The prototype uses satellite data obtained from the Advanced Fire Information System (AFIS) to detect and monitor fires in the study sites in Namibia and South Africa.

The research project is jointly led by Prof Taruvinga and Dr E Chikohora from NUST.

According to Taruvinga, during the 12-day visit, the prototype was tested in different regions of Namibia and recorded a high accuracy.

“We are happy to note a high accuracy rate of 90% for our mobile veld fire detection prototype across all regions we visited in Namibia. This gives us the confidence to consider replication phases across seasons and in other African countries in the future if we manage to get further funding,” he said.

According to the researchers of this project, while there are apparent efforts toward managing veld fires, it comes as a concern that in Southern Africa, the role of local communities in fire control has weakened and veld fires have grown to be a major threat.

The researchers further stated that the current systems and technologies to share veld fire information have several challenges.
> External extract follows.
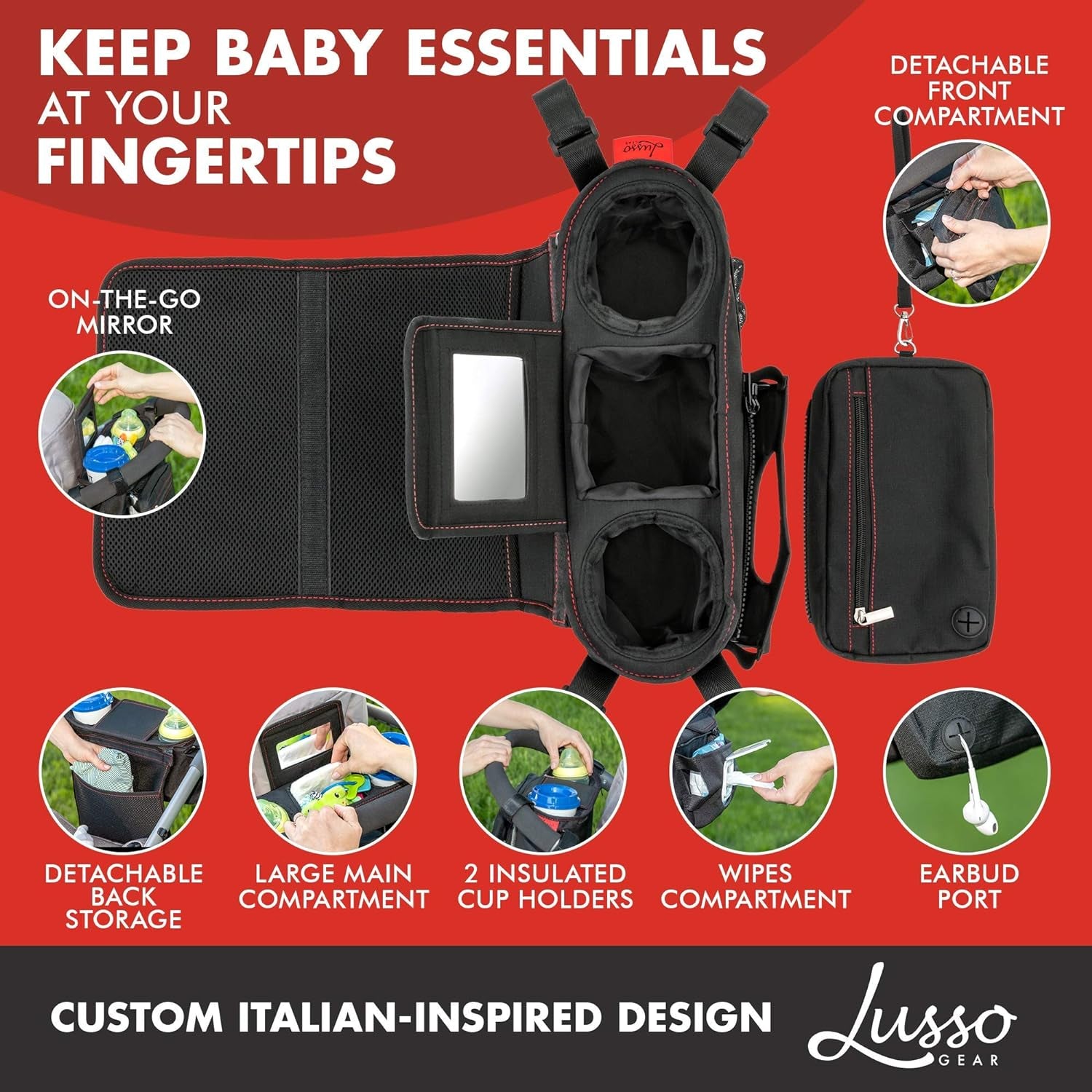 Stroller Organizer with Cup Holder - Fits Strollers, Stroller Accessory for Baby Storage on the Go, Stroller Caddy with Multiple Storage Sections, Secure Fit Won’T Slip or Slide (Red)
These include; being unable to detect burning fires in real-time especially in the forests, poor to almost missing veld fire local alerting systems, and malfunctioning local veld firefighting communities.

The Professor’s visit to Namibia coincided with the Agricultural Economics Association of South Africa (AEASA) 59th Conference hosted in Namibia. One of two of his postgraduate students (Ms S Jonga) who accompanied him on the visit presented two papers at the conference.

“It was interesting to note that the UFH Department of Agricultural Economics and Extension had 10 out of 62 papers accepted for presentation at the AEASA 59th Conference which translates to 16% of the total papers. The postgraduate students were exposed to presenting conference papers at an international level and had an opportunity to network with other students, researchers and industry players from Africa.”

“I also managed to connect with various researchers and industry players for potential future collaborations,” said Prof Taruvinga.